Panoramic view of chemokines mutations in TCGA-SKCM cohort. (a) Mutation panorama analysis of chemokines in TCGA-SKCM dataset; (b) Summarizes the frequency of deleterious mutations of chemokines in TCGA-SKCM cohort; (c) Oncoplot presents the mutation distribution of top 10 mutated chemokines from inputted gene set in sample set of SKCM.
Transcriptional variations of chemokines in SKCM
The pie chart in Fig. 2a provides a summary of Copy Number Variations (CNVs) of chemokines in SKCM. Both heterozygous and homozygous CNVs were observed, including amplifications and deletions. XCL2 and XCL1 exhibited the highest frequency of homozygous and heterozygous amplifications, while CCL21 and CCL19 showed the highest frequency of heterozygous deletions (Fig. 2c,d). Considering that CNVs and DNA methylation can regulate transcript expression35, we investigated the relationship between DNA methylation, CNV, and gene expression. As depicted in Fig. 2b, upregulated expressions of 10 chemokines such as CCL28, CCL19, and CX3CL1 were found during CNV formation. A significantly negative correlation was identified between methylation levels and expression levels of most chemokines, particularly for CXCL10 and CCL28 (Fig. 2e).
Figure 2.
Transcriptional Variations of chemokines in SKCM. (a) Pie charts of multiple CNV types for each chemokine in SKCM. (b) Correlation of CNVs and chemokine expression. (c) The Homozygous CNV pattern of chemokines in SKCM. (d) The Heterozygous CNV pattern of chemokines in SKCM. Red represents amplification and blue represents deletion. The size of the dot represents the mutation frequency. (e) Correlation between DNA methylation and chemokine expression in SKCM. The color red indicated a positive association, whereas the color blue indicated a negative correlation. The deeper the hue, the higher the correlation index. The size of the bubble represents the FDR.

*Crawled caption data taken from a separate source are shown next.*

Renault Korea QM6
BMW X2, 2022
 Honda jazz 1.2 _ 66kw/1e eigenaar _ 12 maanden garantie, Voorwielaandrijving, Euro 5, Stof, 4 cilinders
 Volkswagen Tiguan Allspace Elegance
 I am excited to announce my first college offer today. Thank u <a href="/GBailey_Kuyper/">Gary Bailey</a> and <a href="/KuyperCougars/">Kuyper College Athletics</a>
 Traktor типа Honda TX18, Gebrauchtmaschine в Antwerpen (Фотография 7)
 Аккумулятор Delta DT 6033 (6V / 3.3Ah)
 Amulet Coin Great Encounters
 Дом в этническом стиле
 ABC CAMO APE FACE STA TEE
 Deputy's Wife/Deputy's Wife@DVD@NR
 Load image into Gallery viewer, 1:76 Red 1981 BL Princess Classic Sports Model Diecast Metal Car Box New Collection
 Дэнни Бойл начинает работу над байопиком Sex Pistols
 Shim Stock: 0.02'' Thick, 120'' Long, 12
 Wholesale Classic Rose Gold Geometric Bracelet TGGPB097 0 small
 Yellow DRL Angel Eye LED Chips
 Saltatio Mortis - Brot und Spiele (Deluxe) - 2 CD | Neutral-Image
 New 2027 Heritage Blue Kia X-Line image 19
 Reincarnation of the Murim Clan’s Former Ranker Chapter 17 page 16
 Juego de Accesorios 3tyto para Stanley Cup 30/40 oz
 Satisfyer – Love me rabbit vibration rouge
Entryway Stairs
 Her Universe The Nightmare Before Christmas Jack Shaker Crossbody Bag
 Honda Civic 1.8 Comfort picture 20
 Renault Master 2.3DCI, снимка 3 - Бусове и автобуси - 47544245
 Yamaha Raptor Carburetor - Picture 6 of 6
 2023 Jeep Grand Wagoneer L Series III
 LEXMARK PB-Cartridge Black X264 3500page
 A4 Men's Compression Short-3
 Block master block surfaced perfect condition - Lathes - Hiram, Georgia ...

Characterization of chemokines in SKCM
To fully understand the expression pattern of chemokines involved in tumorigenesis, two SKCM dataset (470 tumor samples from TCGA-SKCM, and 79 tumor samples from GSE54467) were integrated. It was discovered that batches were greatly decreased after conversion using PCA (Fig. 3a). Total 549 samples and 11,965 genes were obtained. 34 chemokines were used for further analysis. Risk factors, interactions, and regulator relationships of chemokines in SKCM patients were visualized in the prognosis network. Most chemokines were favorable factors for SKCM (Fig. 3b). Using the ConsensusClusterPlus package, we categorized the patients with SKCM based on the expression profiles of the 34 chemokines. Our results showed that k = 2 appeared to be an optimal selection for sorting the entire cohort into cluster A and B (Fig. 3c). Patients in cluster A exhibited a particularly prominent survival advantage compared with cluster B(log-rank test, p < 0.001; Fig. 3d), with high-expressed level of most chemokines (Fig. 3e). To further characterize the intrinsic differences between chemokine expression and clinical data among these subtypes, we used a heatmap to depict chemokine-related phenotypes and clinical differences in the TCGA-SKCM and GSE54467 cohorts (Fig. 3f). All of these findings indicated that the patterns of chemokine expression were closely associated to the development and clinical characteristics of SKCM.
Figure 3.
Characterization of chemokines in SKCM. (a) Before the removal of batch effects through principal component analysis, the differences between samples obtained from two datasets are illustrated (left); After the removal of batch effects, the differences among samples obtained from two datasets are reduced (Right). (b) Prognosis network of interactions between chemokines in SKCM. The P values of each chemokine with respect to the prognosis are shown as circles of different sizes. Purple in the right hemisphere: risk factors for SKCM; green in the right hemisphere: favorable factors for SKCM. Positive or negative correlations of chemokines are linked with lines of different colors (pink: positive, blue: negative, P < 0.0001). (c) The consensus clustering analysis classified samples into two subgroups when k = 2; (d) The difference in survival probability between two clusters; (e) The difference in gene expression patterns between two clusters; (f) The distinctions in gene expression levels and clinicopathological characteristics. Survival status, genders, ages, project, and cluster group are shown as patient annotations.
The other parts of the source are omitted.